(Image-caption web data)
=== Begin Enclosure ===
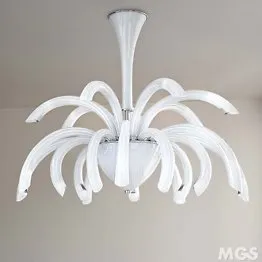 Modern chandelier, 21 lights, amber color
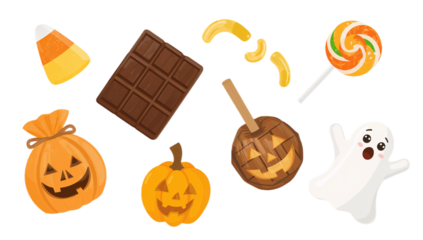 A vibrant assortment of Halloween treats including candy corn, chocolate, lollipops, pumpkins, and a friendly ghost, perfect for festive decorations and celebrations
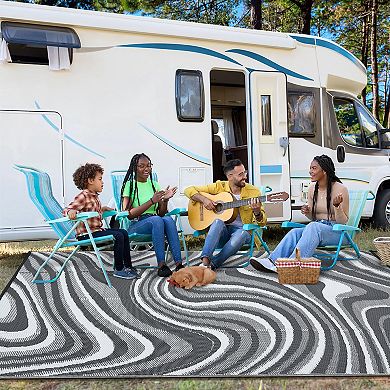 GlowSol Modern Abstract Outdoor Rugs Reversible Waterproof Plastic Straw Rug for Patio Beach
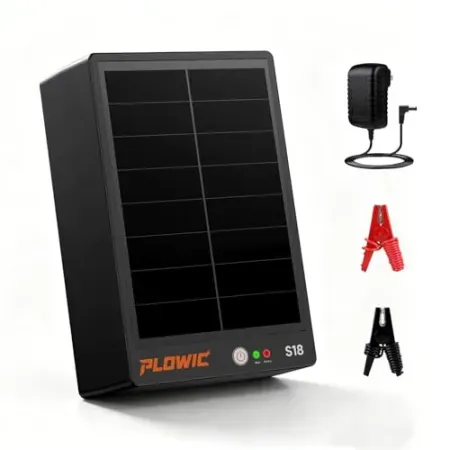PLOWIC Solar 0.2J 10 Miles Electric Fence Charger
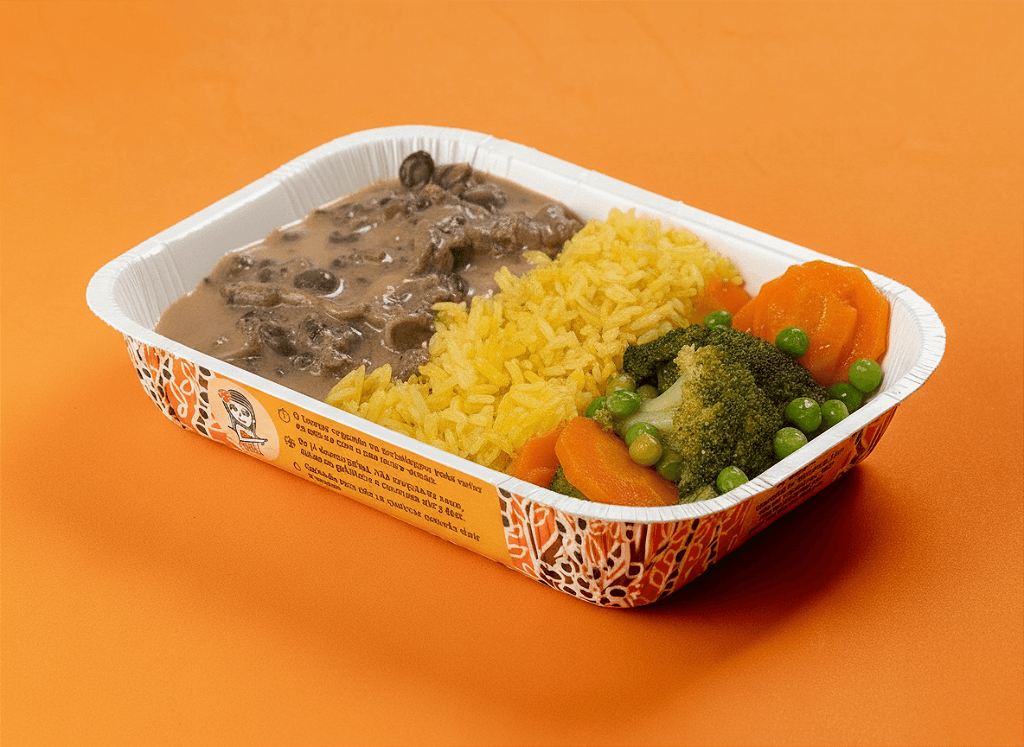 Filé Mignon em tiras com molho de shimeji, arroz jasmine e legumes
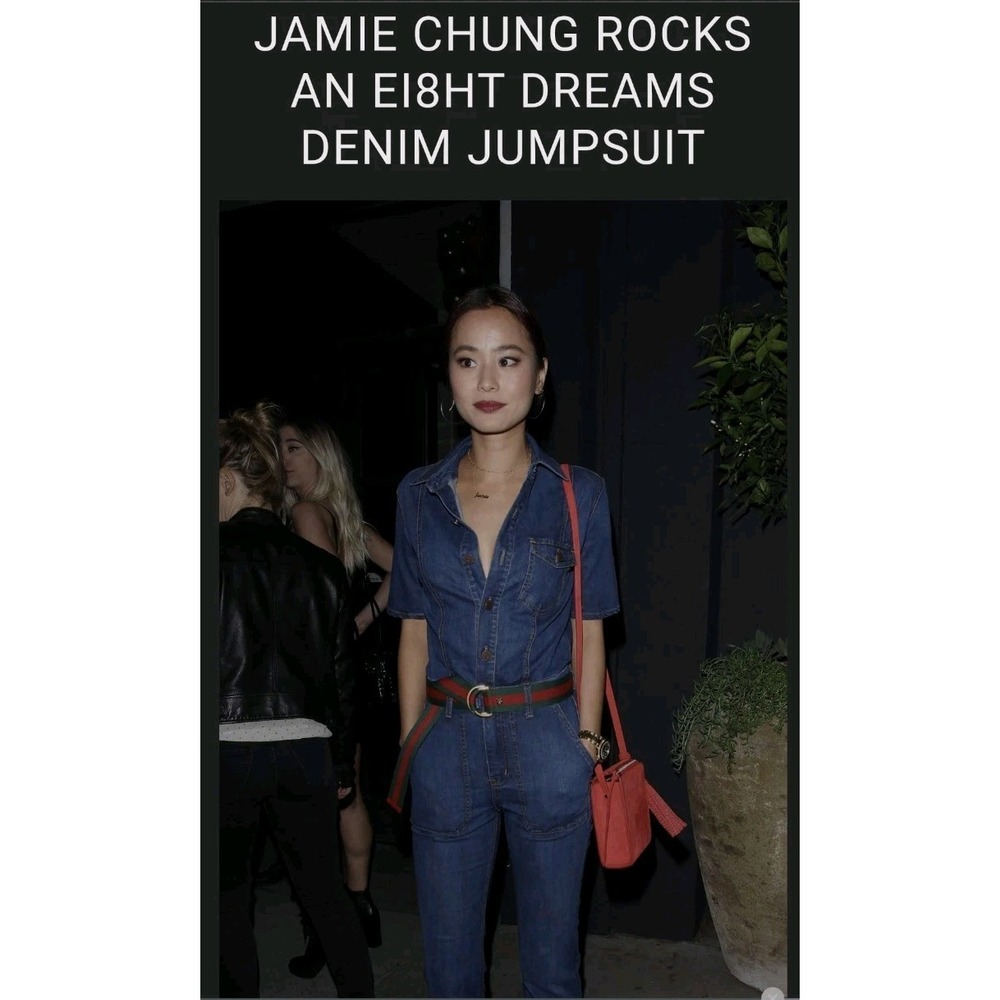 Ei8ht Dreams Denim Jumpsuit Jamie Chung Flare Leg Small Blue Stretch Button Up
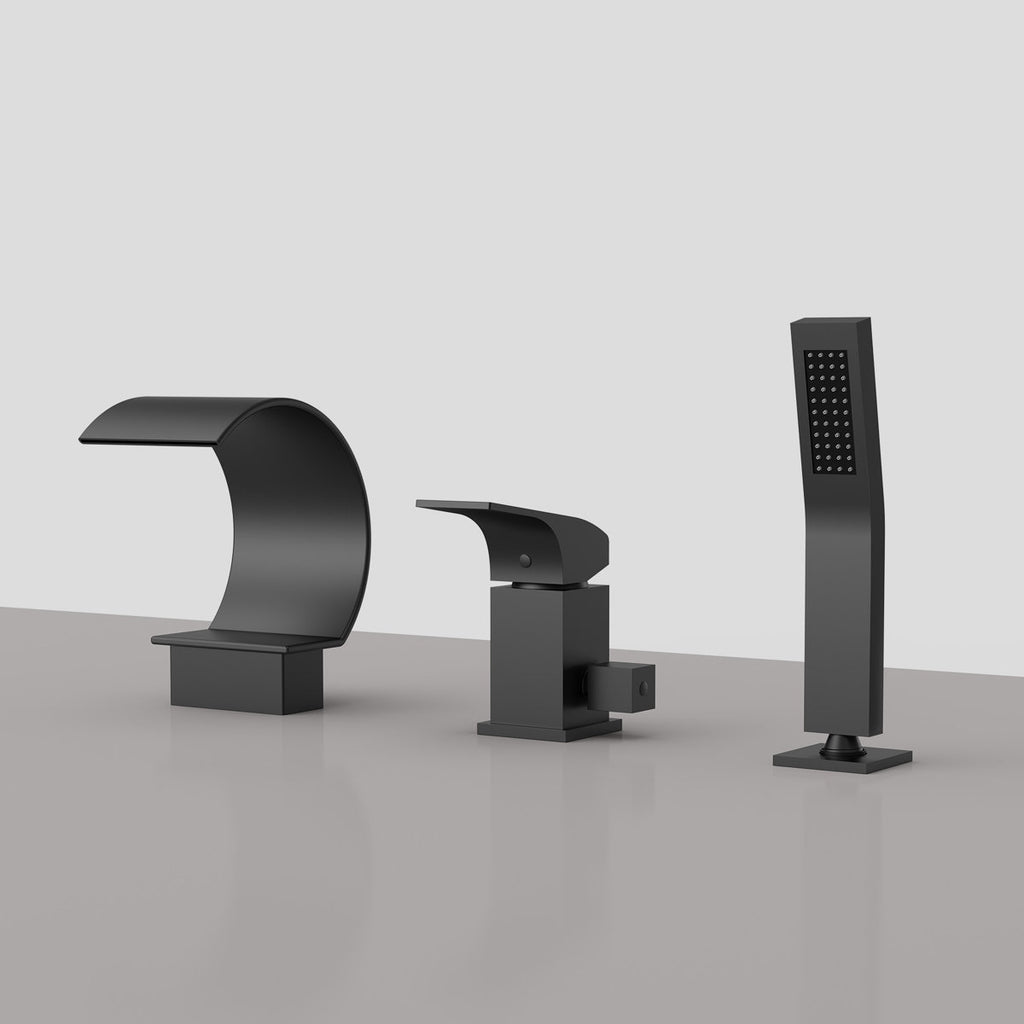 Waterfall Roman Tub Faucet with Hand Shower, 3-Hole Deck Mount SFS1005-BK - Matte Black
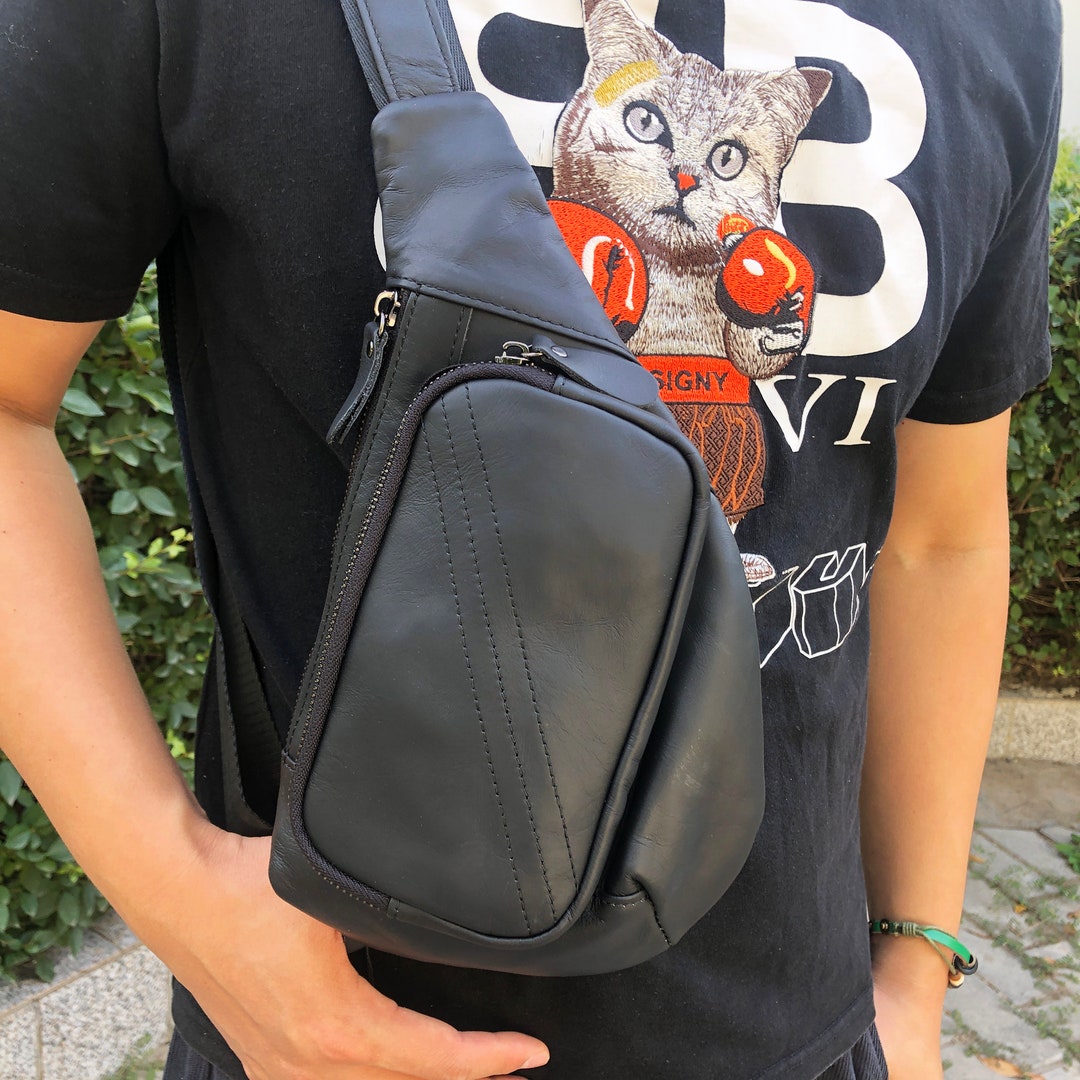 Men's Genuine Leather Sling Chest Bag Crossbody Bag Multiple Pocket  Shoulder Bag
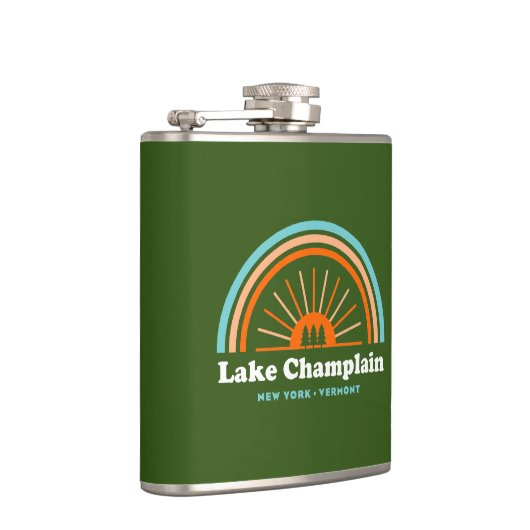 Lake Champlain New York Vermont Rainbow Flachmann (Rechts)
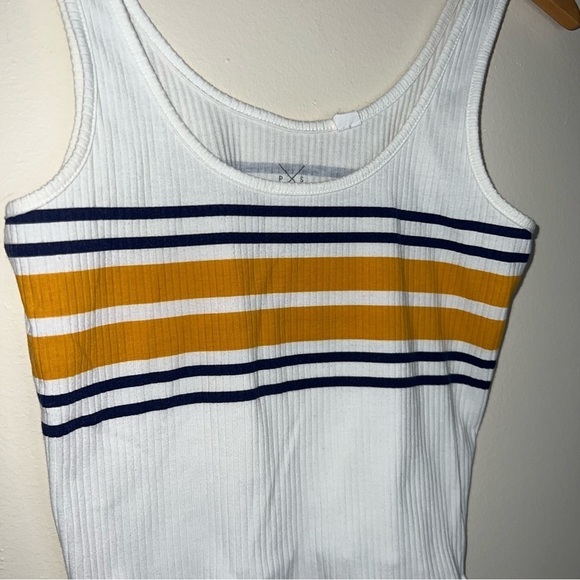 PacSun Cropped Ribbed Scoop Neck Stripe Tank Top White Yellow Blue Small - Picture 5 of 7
=== End Enclosure ===
▶ _DIRECTIONS_
What's needed is an exact copy of every entry, free of pictures.

▶ _SOLUTION TO THIS EXERCISE_
 Modern chandelier, 21 lights, amber color
 A vibrant assortment of Halloween treats including candy corn, chocolate, lollipops, pumpkins, and a friendly ghost, perfect for festive decorations and celebrations
 GlowSol Modern Abstract Outdoor Rugs Reversible Waterproof Plastic Straw Rug for Patio Beach
PLOWIC Solar 0.2J 10 Miles Electric Fence Charger
 Filé Mignon em tiras com molho de shimeji, arroz jasmine e legumes
 Ei8ht Dreams Denim Jumpsuit Jamie Chung Flare Leg Small Blue Stretch Button Up
 Waterfall Roman Tub Faucet with Hand Shower, 3-Hole Deck Mount SFS1005-BK - Matte Black
 Men's Genuine Leather Sling Chest Bag Crossbody Bag Multiple Pocket  Shoulder Bag
 Lake Champlain New York Vermont Rainbow Flachmann (Rechts)
 PacSun Cropped Ribbed Scoop Neck Stripe Tank Top White Yellow Blue Small - Picture 5 of 7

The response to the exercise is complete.